Benjamin Midler’s column “Observer” seeks the long view. It sometimes comes up short.
Musings are bite-sized vignettes of the almost-was and the could-have-been. As the quarter comes to a close and The Daily begins to transition to a new volume, these are reflections — the sparks that were candidates for their own columns — but weren’t quite.
There’s a purpose to collecting them here. Beyond the points they make and the thoughts they capture, there’s worth in ensuring that what otherwise would have remained unfinished sees the light of day. Ideas, even those that didn’t quite make the cut, can still be catalysts.
Stanford is a place rife with genius ideas — with seemingly immaculate intellectual conceptions that reverberate around the world. For each of those, there’s a trove of ideas that will never be known, that die this early death.
I wonder whether these ideas can be given new life, if only they find their way to the right hands. These are the ideas that would otherwise have perished in my desk drawer. Perhaps they’ll thrive in yours.
Why do we hold on to relics — to those aging and sometimes decrepit tokens of something past? Maybe there’s something in the memory, a lesson, for instance, whose teachings are reaffirmed by a concrete reminder.

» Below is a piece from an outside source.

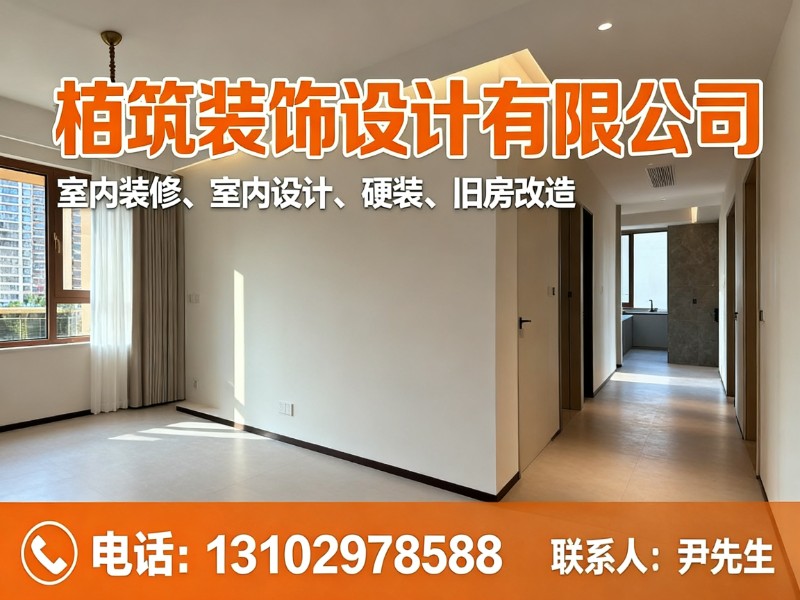 栢筑装饰设计有限公司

Or the relic is a byproduct of selective memory. We often tune out the bad and accentuate the good of memories, meaning the things onto which we hold from these times share in that favorable perspective.
Neither explains the weirdness of our habit of keeping mementos. I have a green sweater in the corner of my closet. It’s a misshapen, disgusting thing that was a poor fashion statement when it was new and is even less so now. I haven’t carbon dated it, but it may as well be older than I am.

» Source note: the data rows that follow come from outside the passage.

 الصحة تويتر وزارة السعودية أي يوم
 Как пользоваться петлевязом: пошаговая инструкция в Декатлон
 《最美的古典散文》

Yet I keep it because, wrapped in its mottled fabric, in addition to decades of dust, are memories of trips to a windswept beach with my parents and brother, 17 years ago. The ocean, sand and sky would all be variations of a beautiful gray, with the coolness of the air a constant presence. I would trundle about, falling over and chasing the dog.
What if the speck of dust on the sleeve is actually a grain of sand from that day?
I found a Daily article from 2017 about the start of President Tessier-Lavigne’s tenure. It sets a cautious and bleak stage — one characterized by unprecedented animosity between students and the outgoing administration — calling student trust in the University at a trough. A new alcohol policy had been implemented contrary to student feedback, academic diversity was threatened by skewed enrollment in CS classes and there were widespread concerns over Title IX and the sexual assault reporting process.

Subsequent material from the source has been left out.